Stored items
# # #

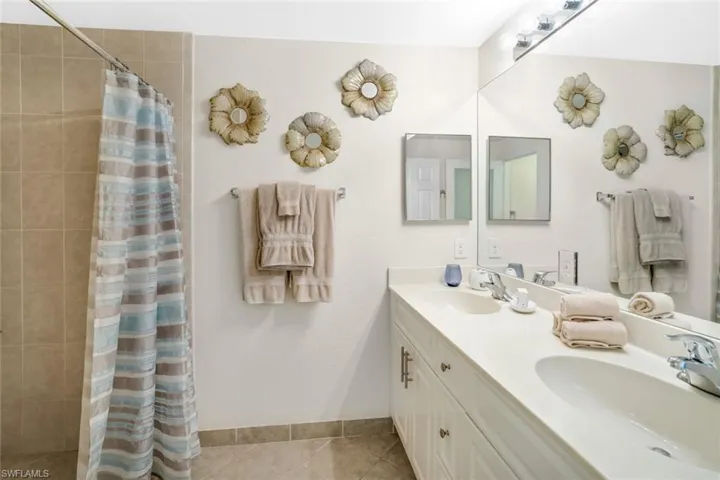 Full bath featuring tiled shower, tile patterned floors, double vanity, and baseboards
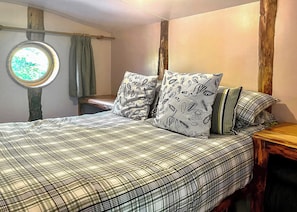 A bedroom with a bed, pillows, a window, and a wooden headboard. - Bronze Plus 3 Bed Pets Sleeps 6 (Clarach Bay, Nr Aberystwyth)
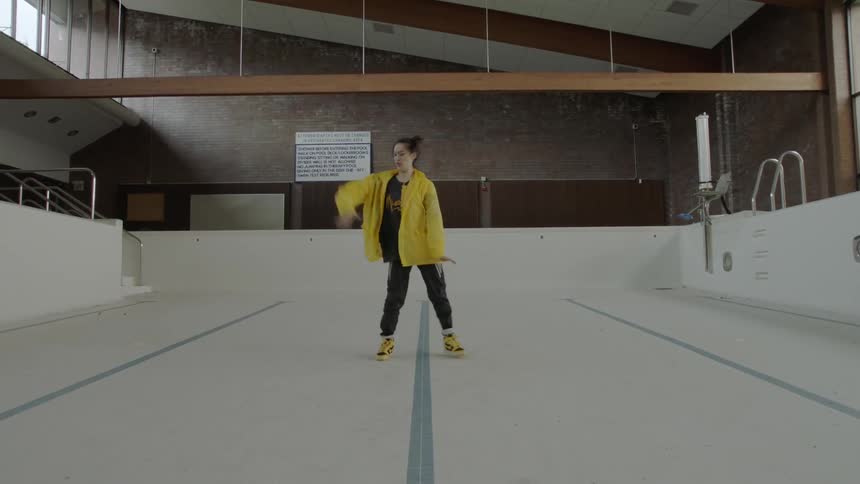 Woman dancing in an empty pool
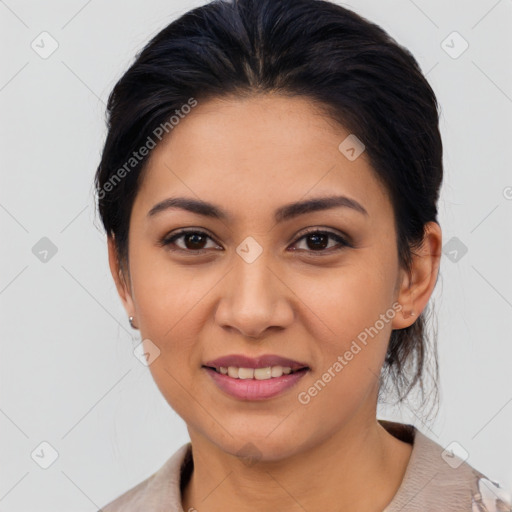 Joyful latino young-adult female with medium  black hair and brown eyes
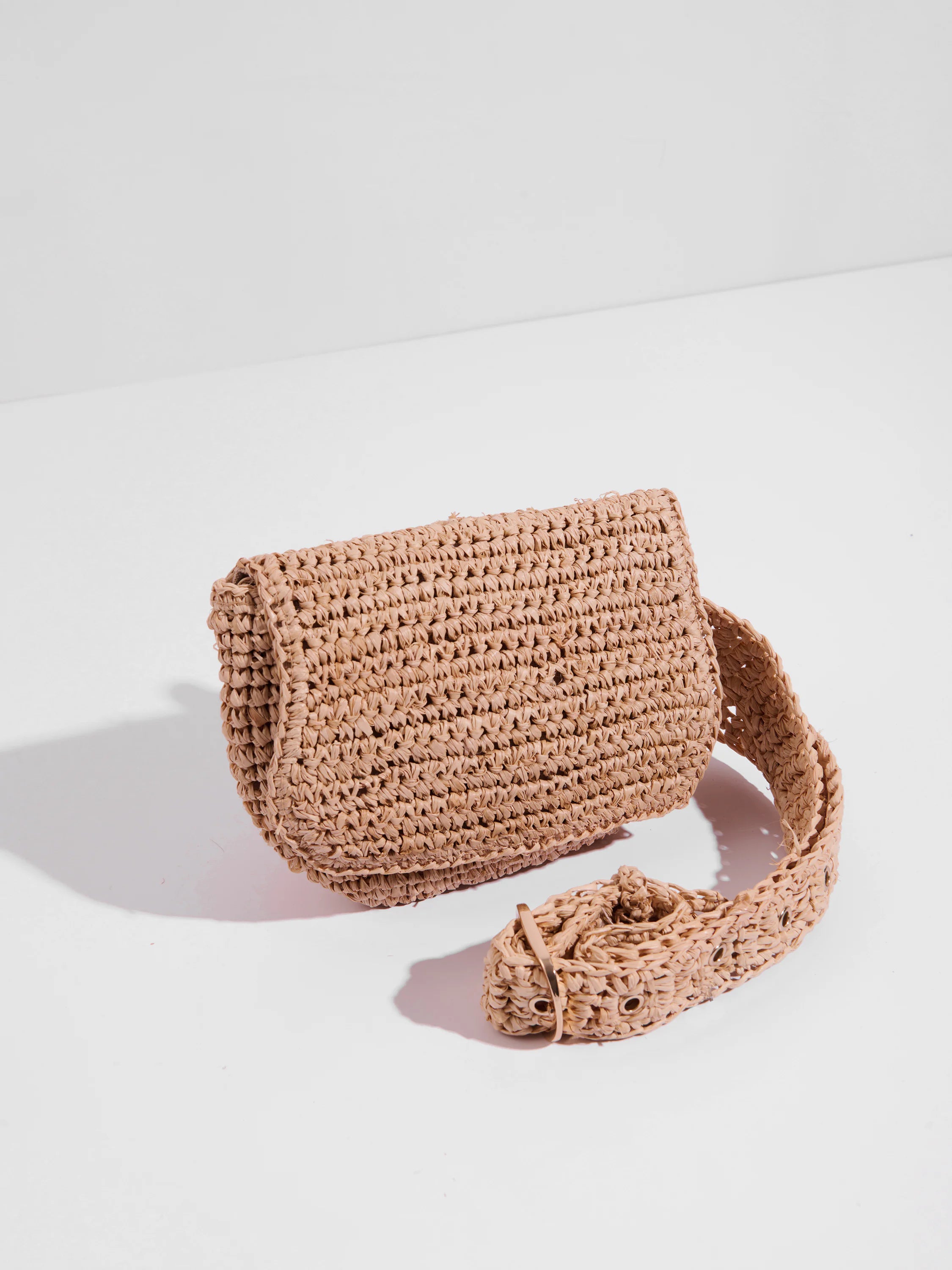 Light beige straw belt bag.  Crocheted texture.  Bag is curved;  long strap with small metal buckle.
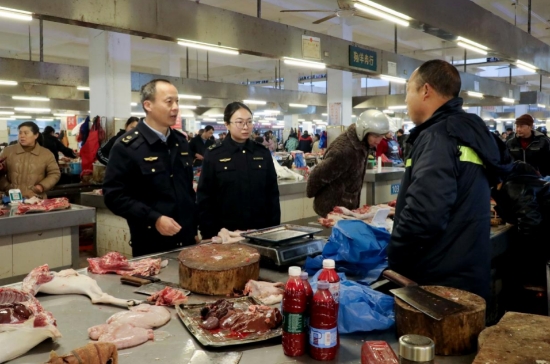 执法人员在农贸市场开展检查。周林凤摄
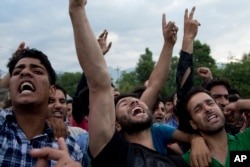 Kashmiri villagers shout slogans during the funeral procession of Burhan Wani, chief of operations of Indian Kashmir's largest rebel group, in Indian-controlled Kashmir, July 9, 2016.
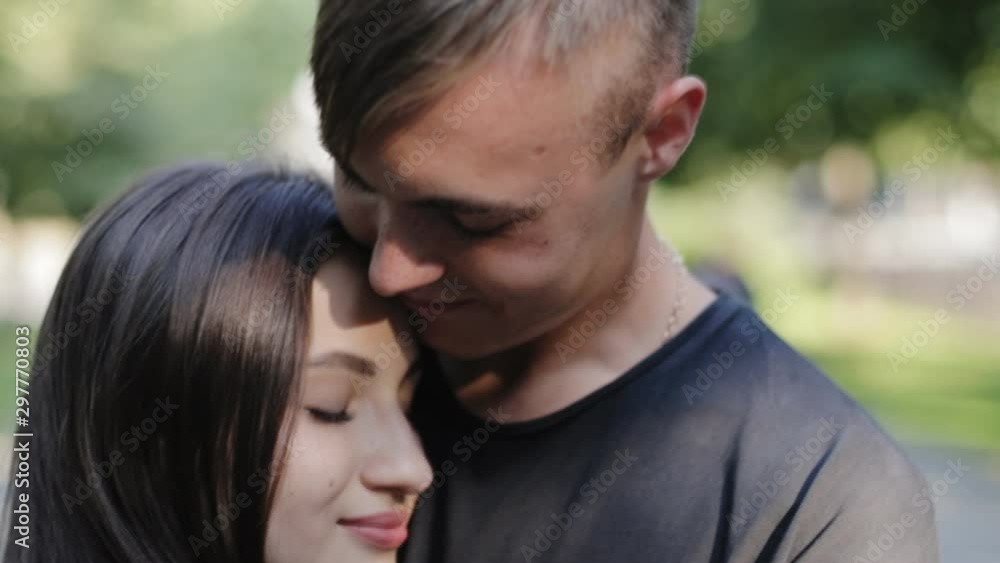 Cheerful, happy, loving couple cuddling tenderly in the city alley.slow-mo Cheerful, happy, loving couple cuddling tenderly in the city alley.slow-mo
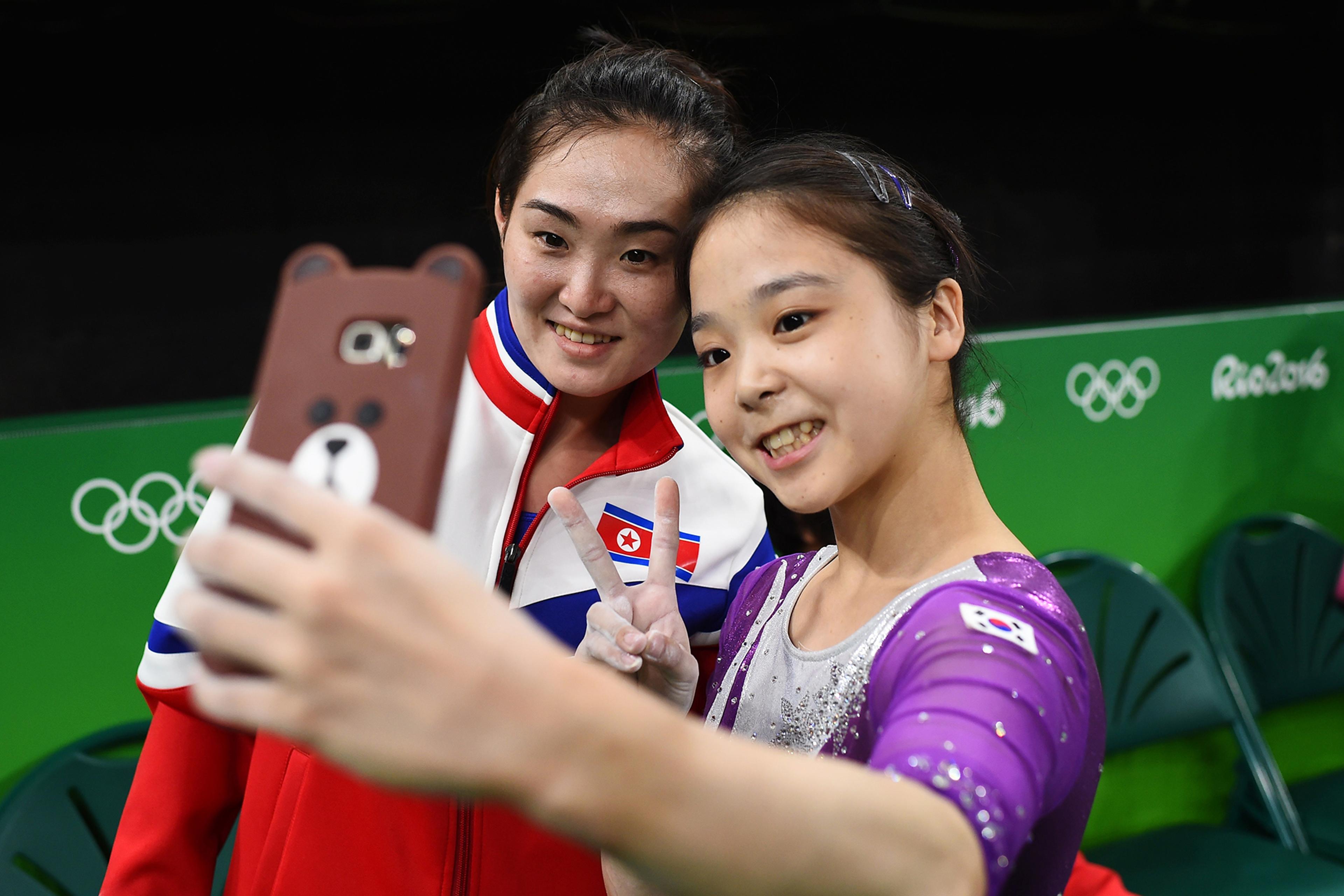 Lee Eun-Ju of South Korea, right, takes a selfie with Hong Un Jong of North Korea, left, on Aug. 4, 2016 in Rio de Janeiro, Brazil.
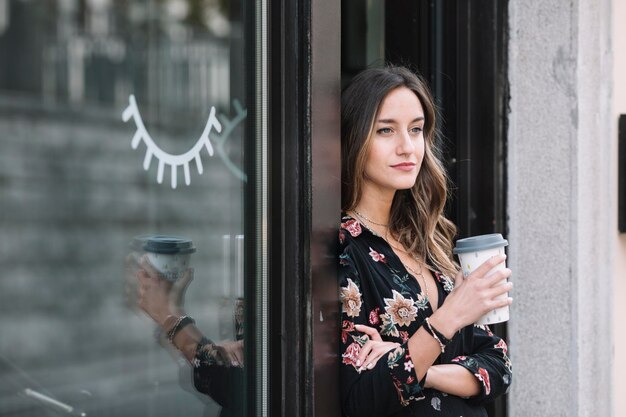 Retrato de mujer de moda con café para ir apoyándose en la puerta de entrada de su tienda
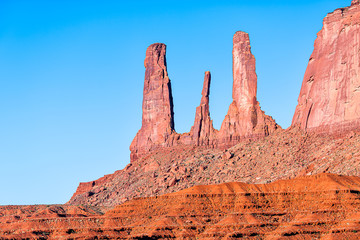Closeup view of famous mesa butte three sisters formations with red orange rock color in Monument...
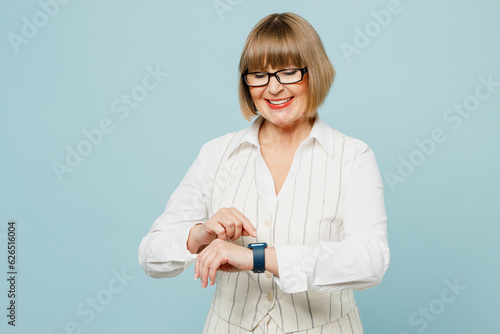 Blonde successful employee business woman 50s wear white classic suit glasses formal clothes look at smart watch check time isolated on plain pastel light blue background. Achievement career concept.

# # #

■ Directions ■
Only one stretch of the entries above is needed: the lines from the one containing "Light beige straw" through the one containing "执法人员在农贸市场开展检查。周林凤摄". Copy it exactly, without the pictures.

■ Answer box ■
 Light beige straw belt bag.  Crocheted texture.  Bag is curved;  long strap with small metal buckle.
 执法人员在农贸市场开展检查。周林凤摄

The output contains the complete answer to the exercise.